Another thing I am a bit confused about is Engels' statement about the creation of private property.


towards the end of the Middle Ages, there arose a new mode of production in the form of manufacture, which could not be subordinated to the then existing feudal and guild property, this manufacture, which had out grown the old property relations, created a new form of property, private property. Why is it that land was not considered private property during feudalism? Why wouldn't the landlord be considered the owner of private property (land), and the serf be considered the exploited worker?

I know there are obvious differences between capitalism and serfdom/feudalism, so any clarification would be greatly appreciated.

edit: I don't know why I put an apostrophe in the title, that doesn't make any sense lol.

Dave B
11th September 2011, 13:16
First of all it was an unpublished draft from before the days of their more elaborated theory and terminology of capitalism.

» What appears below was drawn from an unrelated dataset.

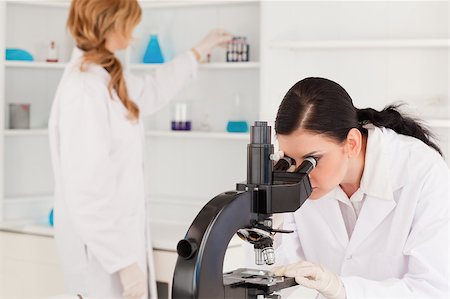 Dark-haired scientist looking through a microscope with her assistant in a lab Stock Photo - Budget Royalty-Free & Subscription, Code: 400-04405875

And the quote is also not quite correct and should be

"........However, since business is sometimes better and sometimes worse, it follows that the worker sometimes gets more and sometimes gets less for his commodities. But, again, just as the industrialist, on the average of good times and bad, gets no more and no less for his commodities than what they cost, similarly on the average the worker gets no more and no less than his minimum......."

http://www.marxists.org/archive/marx/works/1847/11/prin-com.htm


However he is using the word ‘cost’, probably in terms of expended labour time, when he should be using value.

The second point is a bit more complicated; but landed property under feudalism involved ‘social obligations’ towards serfs etc and feudal landowners weren’t completely free at first to ‘privately’ do with it what they wanted etc.

Eg throwing the arable peasant farmers/ workers/ serfs off the land for sheep farming etc

And the land had been entailed and therefore it could not be bought or sold.